Please check below my code in order to understand if key is ArrayList in Map and how JVM will do it for inputs:
here i write hashCode and equals method for TesthashCodeEquals class.
package com.msq;
import java.util.ArrayList;
import java.util.HashMap;
import java.util.List;
import java.util.Map;
class TesthashCodeEquals {
private int a;
private int b;
public TesthashCodeEquals() {
// TODO Auto-generated constructor stub
}
public TesthashCodeEquals(int a, int b) {
super();
this.a = a;
this.b = b;
}
public int getA() {
return a;
}
public void setA(int a) {
this.a = a;
}
public int getB() {
return b;
}
public void setB(int b) {
this.b = b;
}
public int hashCode() {
return this.a + this.b;
}
public boolean equals(Object o) {
if (o instanceof TesthashCodeEquals && o != null) {
TesthashCodeEquals c = (TesthashCodeEquals) o;
return ((this.a == c.a) && (this.b == c.b));
} else
return false;
}
}
public class HasCodeEquals {
public static void main(String[] args) {
Map<List<TesthashCodeEquals>, String> m = new HashMap<>();
List<TesthashCodeEquals> list1=new ArrayList<>();
list1.add(new TesthashCodeEquals(1, 2));
list1.add(new TesthashCodeEquals(3, 4));
List<TesthashCodeEquals> list2=new ArrayList<>();
list2.add(new TesthashCodeEquals(10, 20));
list2.add(new TesthashCodeEquals(30, 40));
List<TesthashCodeEquals> list3=new ArrayList<>();
list3.add(new TesthashCodeEquals(1, 2));
list3.add(new TesthashCodeEquals(3, 4));
m.put(list1, "List1");
m.put(list2, "List2");
m.put(list3, "List3");
for(Map.Entry<List<TesthashCodeEquals>,String> entry:m.entrySet()){
for(TesthashCodeEquals t:entry.getKey()){
System.out.print("value of a: "+t.getA()+", value of b: "+t.getB()+", map value is:"+entry.getValue() );
System.out.println();
}
System.out.println("######################");
}
}
}
.
output:
value of a: 10, value of b: 20, map value is:List2
value of a: 30, value of b: 40, map value is:List2
######################
value of a: 1, value of b: 2, map value is:List3
value of a: 3, value of b: 4, map value is:List3
######################
so this will check the number of objects in List and the values of valriabe in object. if number of objects are same and the values of instance variables is also same then it will consider duplicate key and override the key.

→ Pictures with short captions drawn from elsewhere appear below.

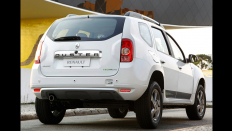   Renault Duster / 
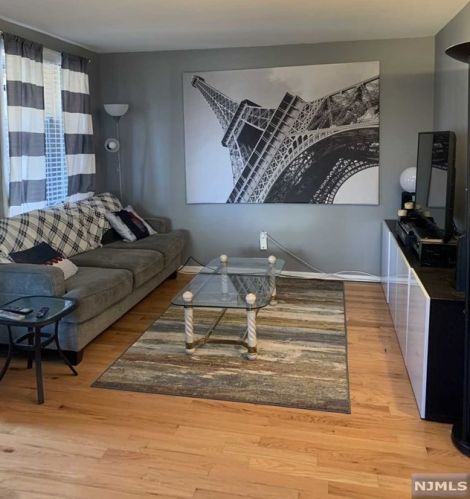 50-209 Pine St, Montclair, NJ 07042-4700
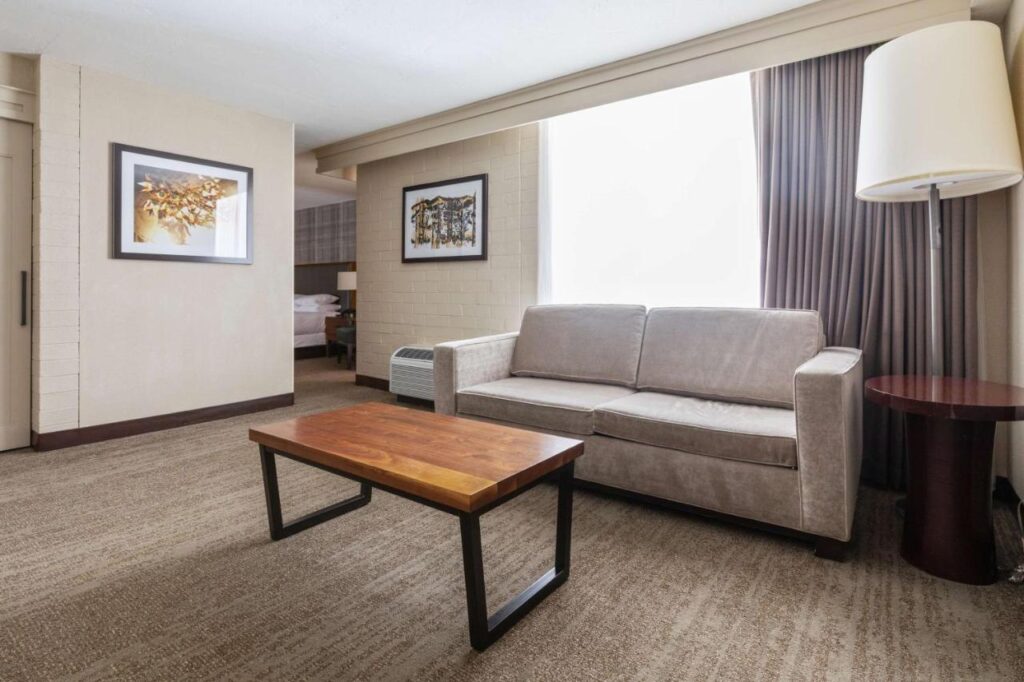 DoubleTree by Hilton Hotel Park City - The Yarrow - Image 2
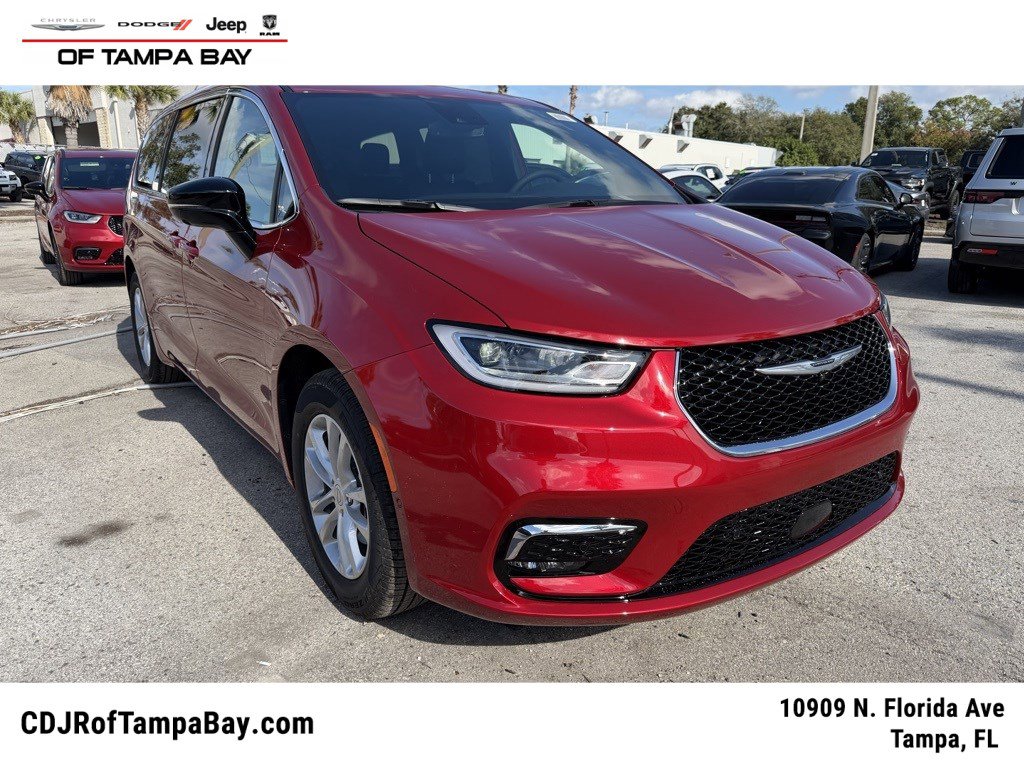 2026 Chrysler Pacifica Select's photo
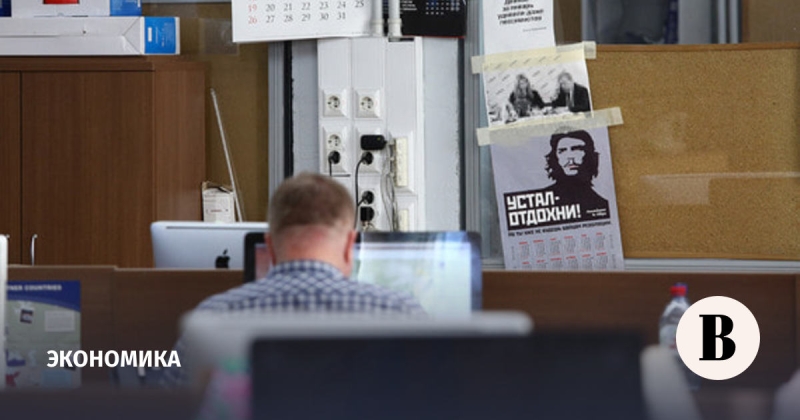 Кабмин одобрил поправки в Трудовой кодекс об увеличении порога переработок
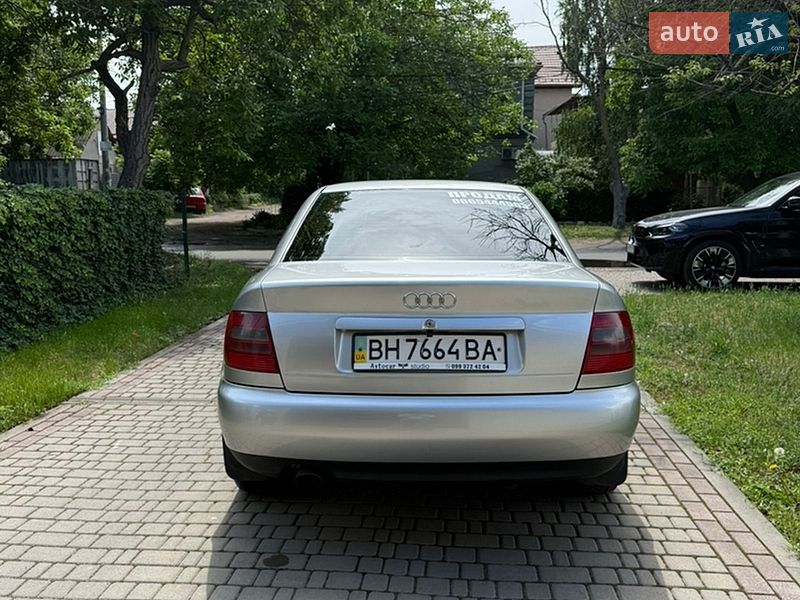 Седан Audi A4 1998 в Одессе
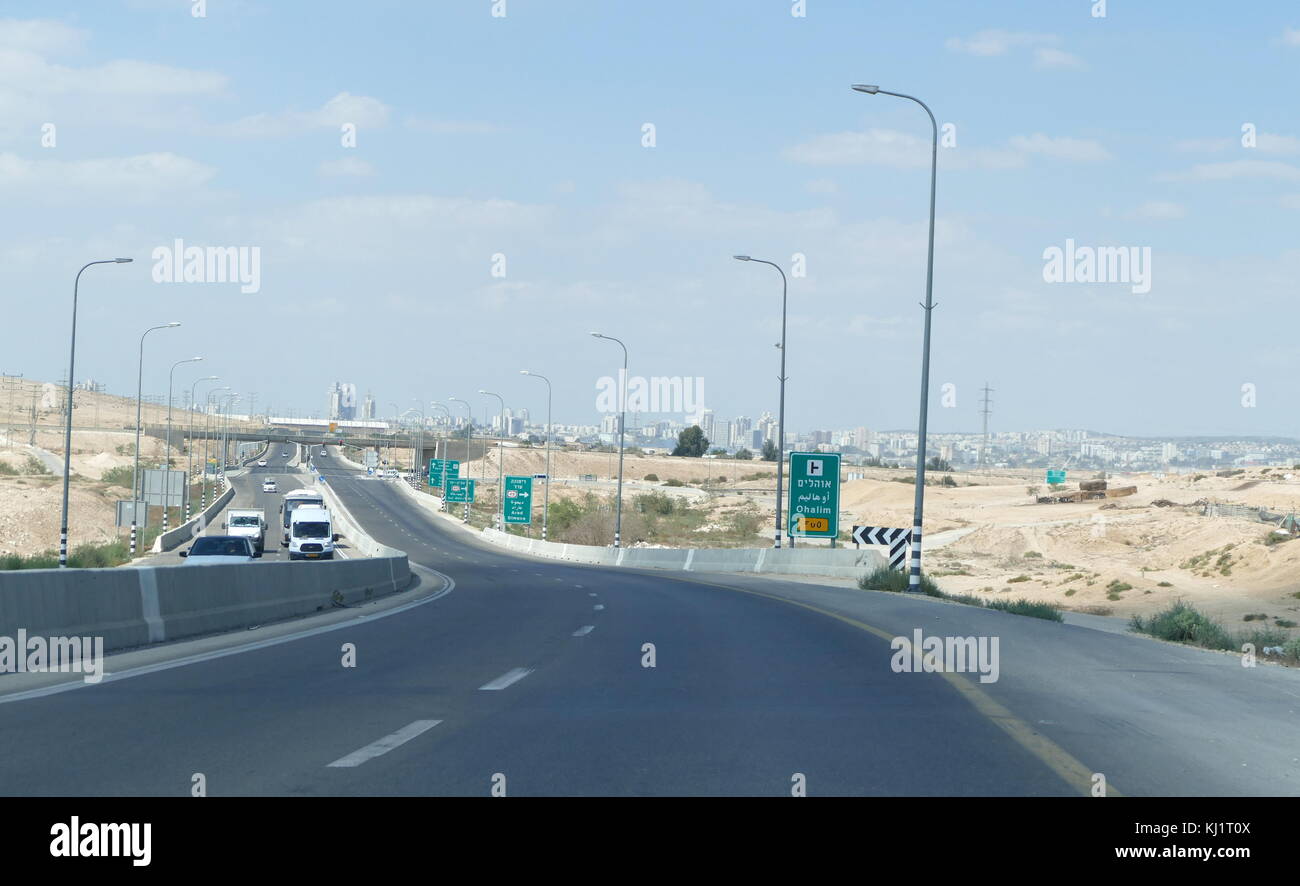 En route pour l'autoroute (Beersheba Beersheba) une ville dans le sud d'Israël, désert du Néguev Banque D'Images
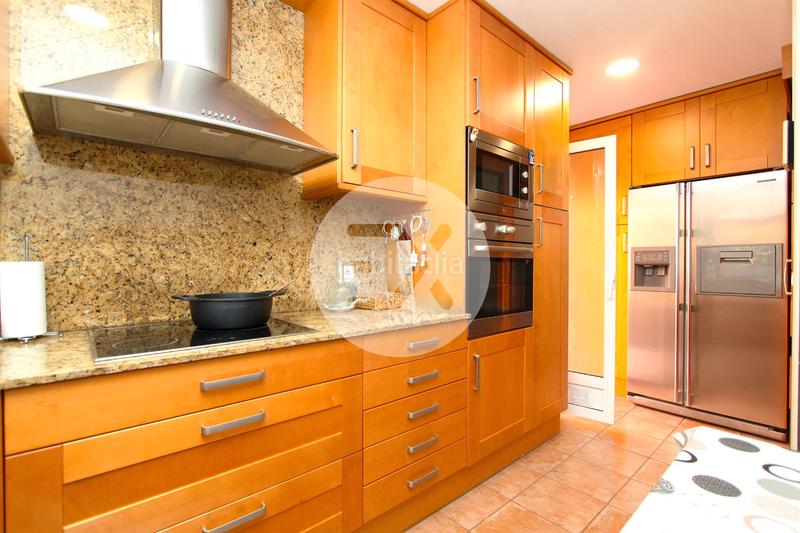 Foto 47d1e763-ffae-41ef-818e-9bab9c7db978. Haus mit kamin heizung parking pool in Montmar Castelldefels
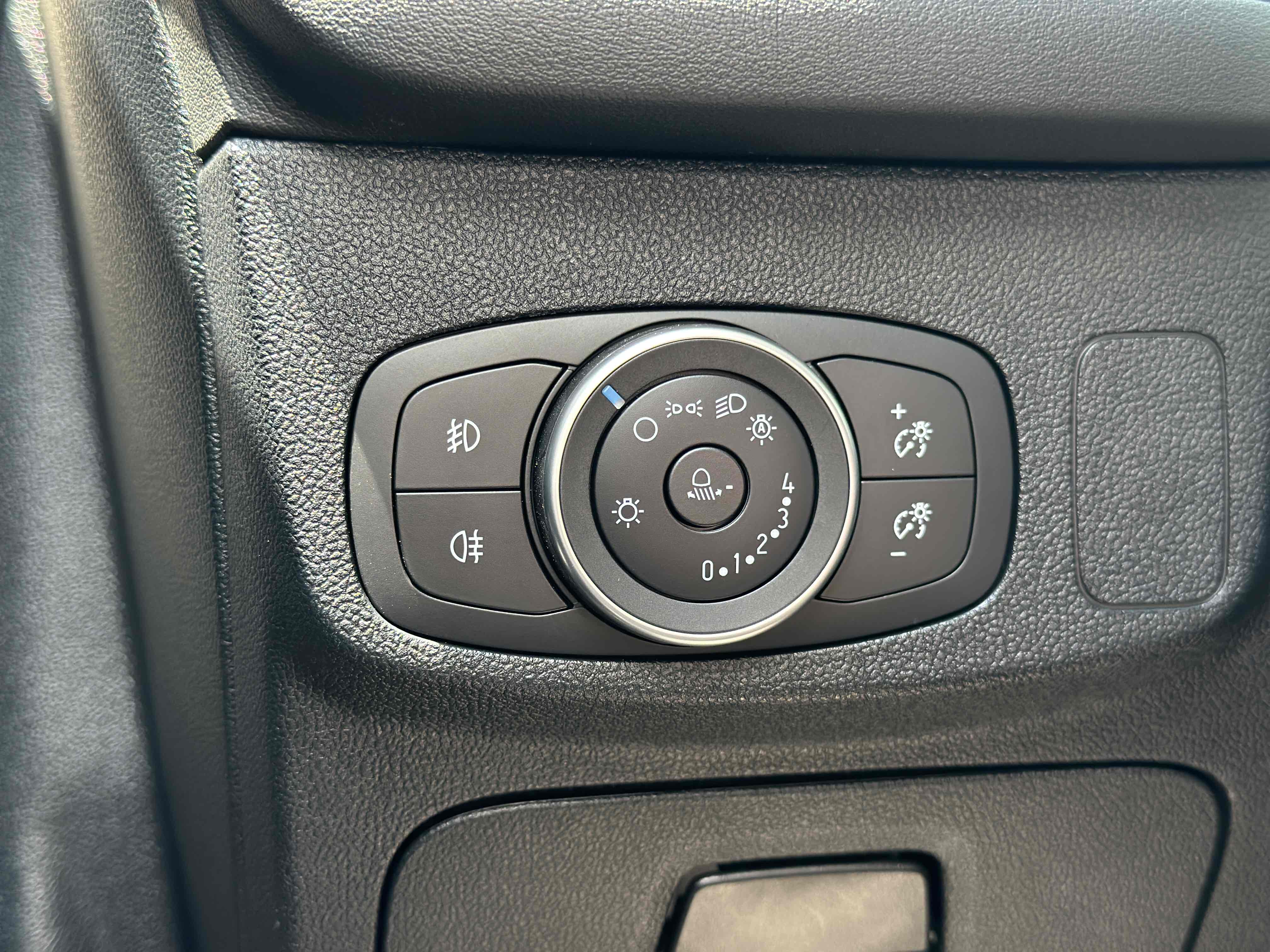 Ford Focus Active 2021 car image #16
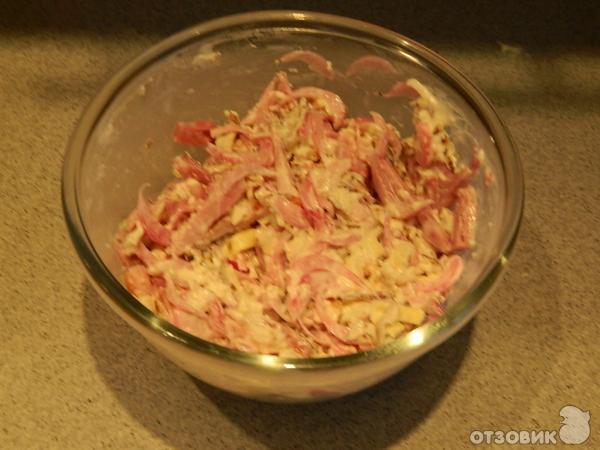 Рецепт салата с маринованным луком фото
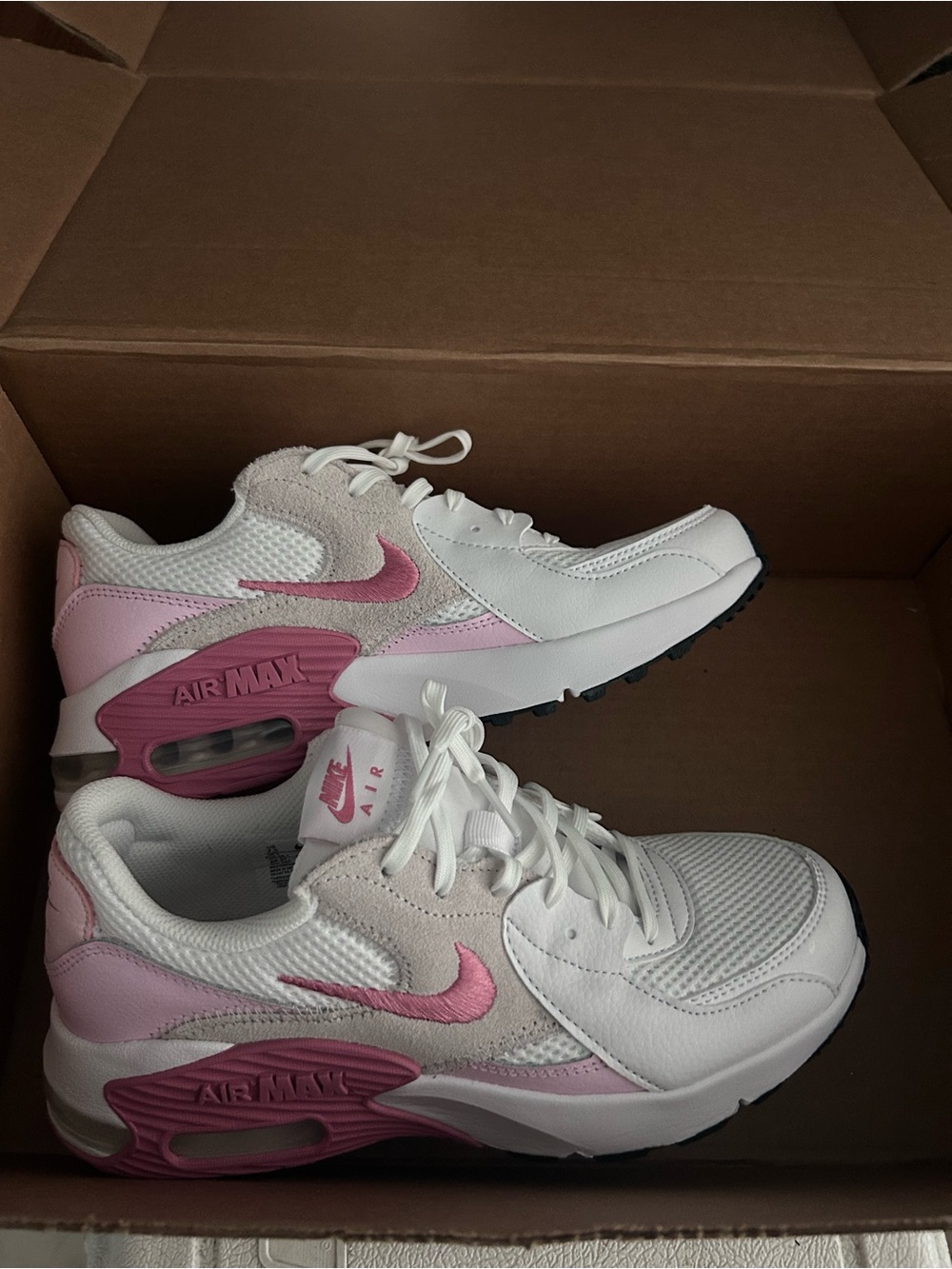 Nike Women's White and Pink Air Max essee 2026 Retro Runner - Picture 10 of 13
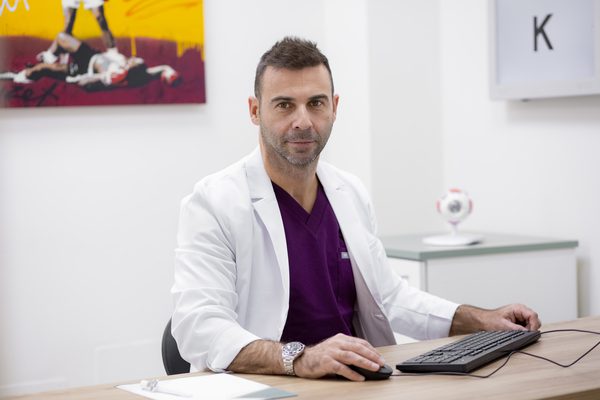 Consulta del Doctor Álvaro de Casas para operación de cataratas en Murcia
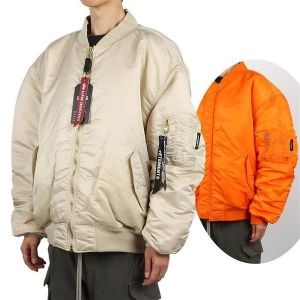  VETEMENTS UE54JA680M CREAM 리버시블 봄버 자켓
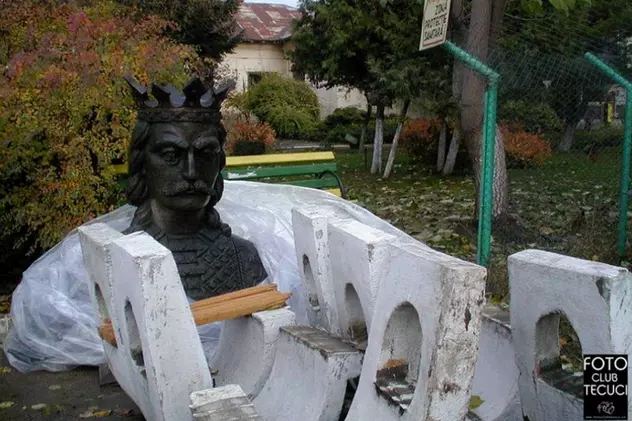 Un bust de 1,5 tone al lui Ștefan cel Mare a dispărut dintr-o fostă unitate militară din Tecuci. Primar: „L-au topit”
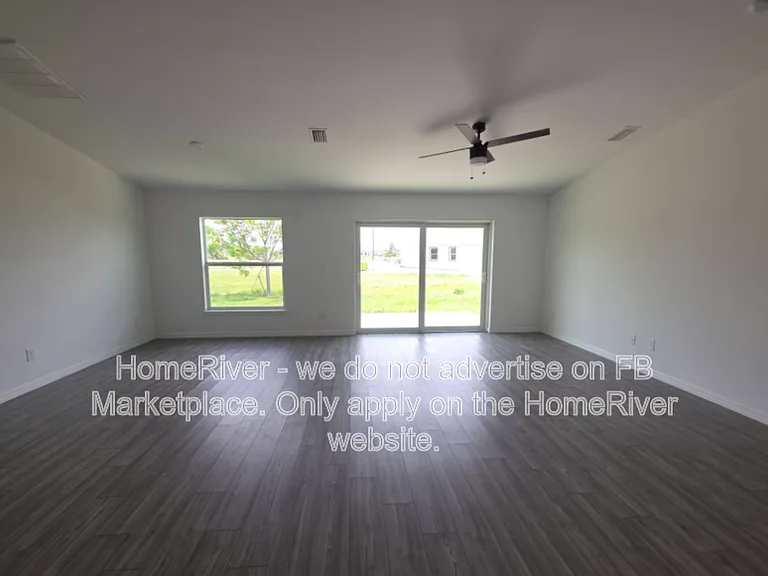 4303 NE 12th Ct — Photo 13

now if i change only the value of object on list3
list3.add(new TesthashCodeEquals(2, 2));
then it will print:
output
value of a: 2, value of b: 2, map value is:List3
value of a: 3, value of b: 4, map value is:List3
######################
value of a: 10, value of b: 20, map value is:List2
value of a: 30, value of b: 40, map value is:List2
######################
value of a: 1, value of b: 2, map value is:List1
value of a: 3, value of b: 4, map value is:List1
######################
so that It always check the number of objects in List and the value of instance variable of object.
thanks
ArrayList.equals() is inherited from java.lang.Object - therefore equals() on ArrayList is independent of the content of the list.
If you want to use an ArrayList as a map key, you will need to override equals() and hashcode() in order to make two arraylists with the same content in the same order return true on a call to equals() and return the same hashcode on a call to hashcode().
Is there any particular reason you have to use an ArrayList as opposed to say a simple String as the key?
edit: Ignore me, as Joachim Sauer pointed out below, I am so wrong it's not even funny.